彼は高嶺のヤンキー様5(元ヤン)



「どうしたんすか、真田先輩?大河も・・・食い物、山ほど買ってきて。」

「ずいぶん寄り道してきたんすね?」

「おう、凛の分だ。遠慮ばっかりするから買ってやったんだ。」

「くっ・・・そういうことだよ!」

「え!?そんなに買わせたのか、凛君?」

「買わせすぎだぞ凛道!?」

「おねだりしたわけじゃないです!」



〔★買ってくれただけだ★〕



「てか、凛君自体もスゲーことになってんな!?お面にヨーヨー、光るおもちゃとビニールの剣って・・・それも真田先輩に買ってもらったのか?」

「いえ、瑞希お兄ちゃんもですが、他の先輩方も・・・」

「払わせたのかよ!?道理でおそいわけだぜ!テメーの買い物に、真田先輩達を付き合わせたのかよ!?」

「ぬれぎぬです!」



〔★つき合わせれた側だ★〕



「人聞きの悪いことを言うなよ~凛たんに似合うから買ってやったんだぜ?」

「そうよ~!凛ちゃんには光るおもちゃも似合うの!」

「まだまだ、ビニールで出来た剣のおもちゃでチャンバラして遊ぶ年ごろだろう。

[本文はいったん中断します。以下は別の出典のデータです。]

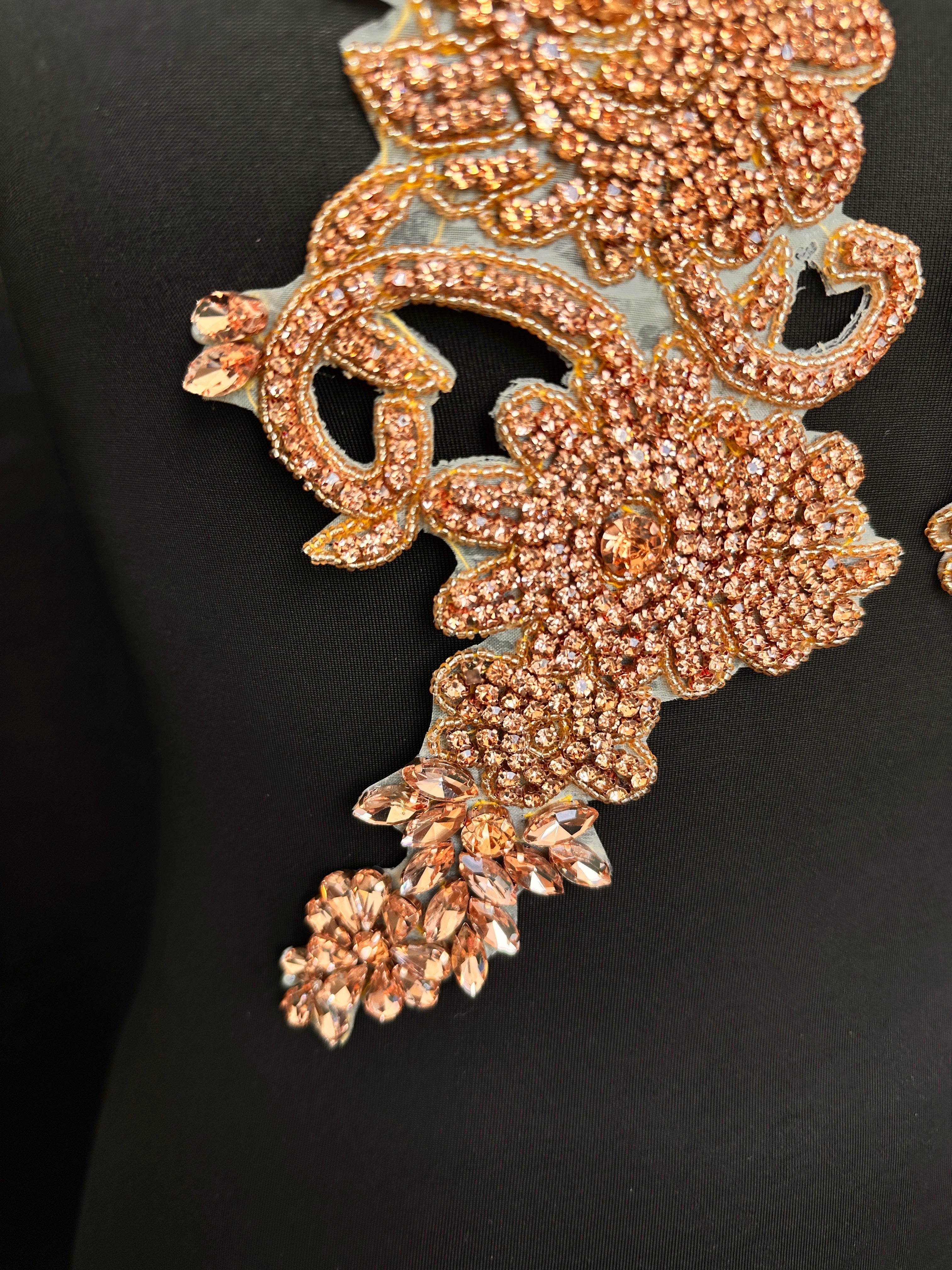 Ciara Rusty Rose Rhinestone Applique, Rose Rhinestones Applique, Embellished Clothing, Rhinestone Applications, Rhinestone Embroidery, Rhinestone Patch, Dress Patch, Rhinestones for Dress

」

「わはははは!ヨーヨーはぶつけて遊べ!」

「「ホント、凛道蓮に甘いですね!?」」


(否定できない・・・)



ありがたいと感謝するべきなのだろうけど、素直に喜んでいいか疑問だわ・・・



〔★凛への愛であふれている★〕



円城寺君からの視線も厳しくなってきたので話題を変えた。



「ところで、カンナさんはどこです?」

「「さっそくそれかよ!?」」



私の問いに、秀君は笑い、悠斗君は目をつり上がらせる。



「留守番係をしてると聞きまして。」

「俺らもだけどな。」

「それで、カンナさんはどちらに?」

「えーとな・・・」

「秀の後ろにいるっつーの!ケッ!!」



苦笑いする秀君の声を遮りながら、苦々しく悠斗君が答える。



「え?秀君の後ろに??」

「隠れてんだよ。」

「バッキャロー秀!!適当なこと言うな!!」



秀君の言葉の後で、ドスの利いた声が響く。

同時に、秀君の背後に誰かいるのが見えた。